Die Furche: Frau Herrmann, wird der aufkommende Konkurrenzkampf zwischen Brot und Sprit zu mehr Hunger auf der Welt führen?

Silva Herrmann: Hunger ist oft kein Mengen-, sondern ein Verteilungsproblem. Das wird sich durch den steigenden Bedarf an Biosprit verschärfen, weil ein unheimlicher Importsog für Biosprit-Ausgangsprodukte nach Europa oder Nordamerika entsteht.

Die Furche: Kann man da unterscheiden - ist Biosprit aus Getreide für die Hungerproblematik schlimmer als aus Raps oder anderen Produkten?

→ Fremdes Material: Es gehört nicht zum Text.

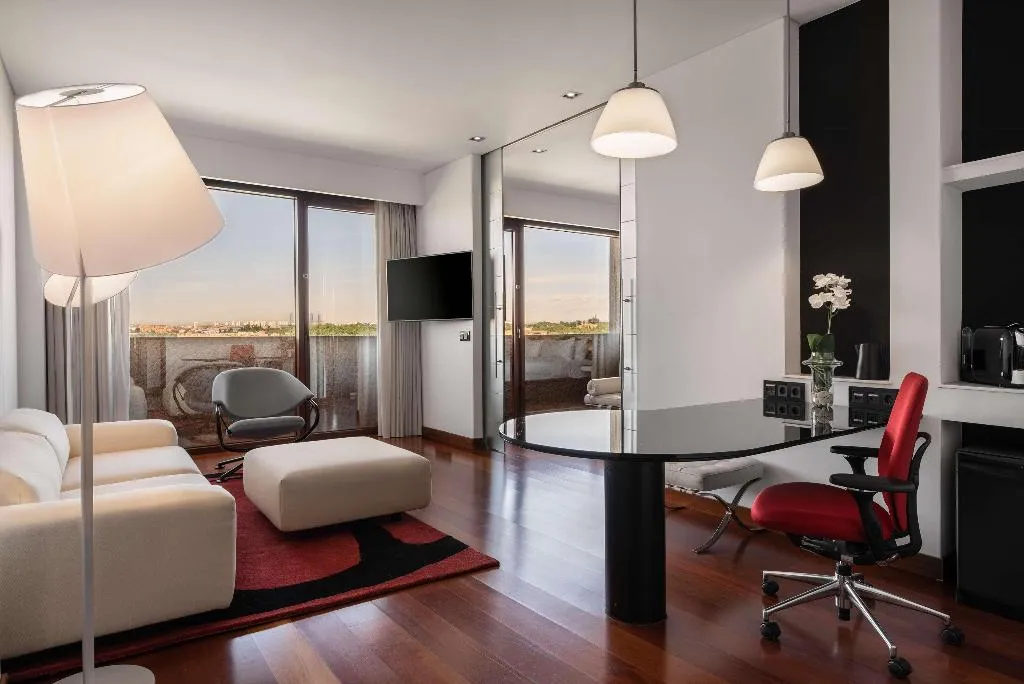 SUITE KING BED ONE BEDROOM  Room, Hilton Madrid Airport, Madrid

Herrmann: Darauf gibt es keine generelle Antwort, denn was wo verzehrt und angebaut wird, ist weltweit sehr unterschiedlich. Aus Umweltsicht ist wichtig, sich jeweils die Ökobilanz, also den Umweltnutzen der unterschiedlichen Produkte, anzusehen.

Die Furche: Und wie sieht diese Ökobilanz für Biotreibstoffe aus?

Herrmann: Für eine Reihe von Produkten in diesem Bereich ist sie sehr schlecht. Was das Klima betrifft, sind Treibstoffe aus Raps ein Nullsummenspiel: Es braucht viel Energie, um Raps zu produzieren; durch die Stickstoffdüngung entstehen zudem große Mengen an Lachgas und zur Umwandlung von Raps in Treibstoff braucht es wieder viel Energie.

Die Furche: Der Umstieg auf Biodiesel aus Raps ist daher …

Herrmann: … der Ersatz eines flüssigen Treibstoffs durch einen anderen, und keine Zukunftsstrategie. Was wir brauchen, ist eine Wende im Verkehrsbereich, die Reduktion des Verkehrsaufkommens. In Österreich ist Verkehr der Klimakiller Nr. 1 - da muss der Hebel ansetzen. Das geht aber nicht über Biotreibstoffe, denn als Treibstoff ist Biomasse nicht effizient genug eingesetzt.

Die Furche: Sondern?

Herrmann: Biomasse ist am besten geeignet für thermische Verwertung, also im Wärmebereich.

Die Furche: Das "Bio" bei Treibstoffen ist somit der falsche Begriff.

Herrmann: Absolut, wir sprechen daher von Agro-Treibstoffen, das charakterisiert sie besser als landwirtschaftliche Erzeugnisse, mit denen hohe Ertrags- und Gewinnerwartungen verknüpft sind. Das bedingt intensive Bewirtschaftungsformen, Monokulturen, hoher Düngemittel- und Pestizideinsatz. Die EU-Beschlüsse, den Anteil der Biotreibstoffe zu steigern, haben zudem einen starken Druck auf die Regenwälder in Indonesien und Malaysia ausgelöst. Deswegen unsere Forderung: Kein Regenwald in den Tank!

Die Furche: National, EU- und weltweit scheint die Politik aber in den Biotreibstoffen eine geniale Lösung für eine Reihe von Problemen - Klima, weniger abhängig von den Erdölstaaten, neue Bereiche für Landwirtschaft etc. - zu sehen.

Herrmann: Keine Regierung setzt sich der Kritik der Autofahrer und der damit zusammenhängenden Lobbys aus. Stattdessen wird gesagt: Autoindustrie bleib ruhig, wir können weiterfahren! Hinzu kommen die starken Agrar-Lobbys, die sich ebenfalls große Chancen auf diesem Markt ausrechnen - hinter dem sogenannten "Biosprit" stecken viele Interessen, die sich sehr gut treffen.

Das Gespräch führte Wolfgang Machreich.